「無謀」といわれた業績目標を達成するペース

目覚ましい経済成長を続けている中国や新興国。その一方で、日本経済の停滞は長期化している。JFE商事が輸入する主力品目の一つである石炭は、東日本大震災後の火力発電シフトという特殊要因でその重要性が見直されてはいるものの、国内の需要家だけに頼っていては先細りの様相は否めない。そこで期待され始めたのが三国間貿易による新興国への輸出だ。そして2012年4月、鉱石・石炭部に新設されたのが三国間貿易・一般炭チームである。メンバーは4名。

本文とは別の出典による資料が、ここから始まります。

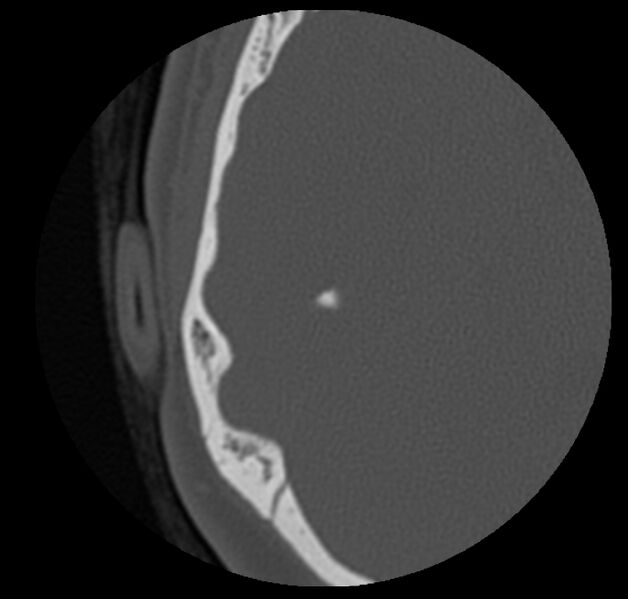 File:Cholesteatoma (Radiopaedia 20296-20217 bone window 40).jpg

3名の営業担当の中で、最年少のメンバーとして配属されたのが彼女だ。
 JFE商事は、サハリンやインドネシアの石炭を国内企業の自家発電設備のボイラー燃料などとして販売するほか、オーストラリアやアメリカ等の石炭を中国や韓国向けに輸出している。
 「およその役割は決めていますが、4人のみの現在のチームでは、全員が協力し、カバーし合い、買い付け交渉から船の手配、通関、荷役、在庫管理、デリバリー、そして入金管理とありとあらゆる業務をこなしています」
 石炭の三国間貿易は2011年度、約100万トンの実績を挙げた。チームが発足した2012年度のチームの目標販売量は2倍の200万トン。
 「無謀とも言われましたが、目標は高く掲げようということで一気に倍になりました。そして、半年で100万トンをクリアしたのです。この調子で目標を達成したいですね」

抜群のチームワークで初のディールを獲得

しかし、JFE商事としては石炭の三国間貿易に関する経験者は少ない。同チームメンバーも初めて携わる者ばかりだ。
「わからないことばかりです。そこでチームでは少しでもわからないことは必ずクリアにしてから進めるようにしています。不明な点は、関係会社に直接聞くなど、あらゆる手段を活用し解決しています。」
 当然のごとく、度々トラブルにも遭遇する。
「15万トンの石炭を輸出する案件を獲得したものの、売先がL/C(銀行の買取保証書)開設を拒否するといった事態や、輸出した石炭の品質が合

わないなどの理由で十数億円規模の契約キャンセルといった危機にさらされています。そのたびにチームリーダーが相手国に飛んで事態収拾を図る、という毎日です」
 しかし、チームワークは抜群だ。チーム初のディール獲得は、輸出元のオーストラリア現地法人スタッフ、輸出先の中国現地法人スタッフとも緊密にやり取りし、サプライヤーと需要家のニーズをうまく合致させることができた成果だった。
「皆が一つになって得た成果でした。本当にうれしかったですね」

パイオニアとして女性営業職の道を切り拓く

彼女が現在踏み込んでいる世界には、契約書の言葉一つ、L/Cの記載内容一つのミスで莫大な損害を被るリスクが多く存在する。そして、それらの処理が一日でも遅れると数十億円の取り引きが水泡に帰するという世界だ。
「メンバー間の多重チェックで間違いを見つけることもあります。しかし、時間をかけてはいられない。冷や冷やの連続でストレスフルですが、だからこそうまくいった時の喜びも大きいのだと思います。むしろ楽しいぐらい(笑)」
 彼女がそこまでこの仕事を楽しんでいるのには、理由がある。小さいころから「大人になったら世界で活躍するキャリアウーマンになりたい」と英語の勉強を始め、30カ国を旅して回り、アメリカやハンガリーに留学した。
「それもこれも、早く社会に出て早く海外に駐在して仕事をしたいという一心でした。それが、JFE商事に入社してまさに希望どおりの仕事に就いているのです。いま頑張らずにこのポジションを失うことは、これまでやってきた10年が無駄になってしまう、と。そして、商社の仕事の醍醐味を存分に味わいたいんです」
 彼女は営業に配属された最初の女性総合職。
「私のあとに続く後輩のためにも、パイオニアとしてこの道を切り拓いていきたいと思っています」
 彼女は、熱い思いで突き進んでいる。